GRID icon indicating copy to clipboard operation
GRID copied to clipboard

Data Preparation

Open seanlaw opened this issue 8 months ago • 2 comments

Hello and thank you for sharing this repository!

In your README, it says:

Prepare your dataset in the expected format:

data/ ├── train/ # training sequence of user history ├── validation/ # validation sequence of user history ├── test/ # testing sequence of user history └── items/ # text of all items in the dataset

We provide pre-processed Amazon data explored in the P5 paper [4]. The data can be downloaded from > this google drive link.

I don't know if this matters but in the pre-processed Amazon data that is provided, the sub-directories are actually called training, evaluation, testing, and items.

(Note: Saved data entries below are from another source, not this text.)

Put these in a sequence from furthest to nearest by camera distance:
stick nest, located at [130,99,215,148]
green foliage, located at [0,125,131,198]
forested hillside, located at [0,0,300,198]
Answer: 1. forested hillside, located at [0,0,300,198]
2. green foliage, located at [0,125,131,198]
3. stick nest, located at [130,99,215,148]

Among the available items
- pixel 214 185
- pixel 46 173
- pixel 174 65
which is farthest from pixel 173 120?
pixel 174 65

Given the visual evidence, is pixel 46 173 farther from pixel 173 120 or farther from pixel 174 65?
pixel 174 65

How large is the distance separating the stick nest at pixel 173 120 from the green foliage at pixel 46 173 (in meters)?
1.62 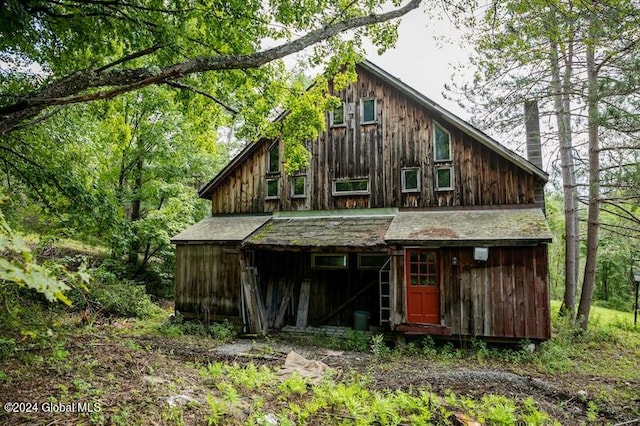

Additionally, while tfrecord are being used to store the data, it isn't clear what format the raw/original data needs to be in so that it can properly converted to a tfrecord (i.e., what features, strings, etc) so that it can be correctly read/handled/processed by GRID. It would be super helpful if you could provide a simple example of, say, 5 records in a Pandas DataFrame (or a Python Dict with the required key/value pairs) and the steps that you take to generate the tfrecord.gz file. Otherwise, it would be very hard to leverage GRID beyond the the (opaque) pre-processed data.

Furthermore:

  1. I noticed that the tfrecord files foritems is called data_<num>.tfrecord.gz while the training, testing, and evaluation files are called partition_<num>.tfrecord.gz. Is there a reason for this difference?
  2. Each tfrecord example appears to have an embedding (feature) associated with it but I'm assuming that this isn't needed in our data since we are generating our own embeddings by passing the text (feature) to the tf-flan-xl model?
  3. It would be great to understand which features found in the tfrecord are actually being used/referenced in each of the stages mentioned in the README.

Thanks in advance for your time and consideration!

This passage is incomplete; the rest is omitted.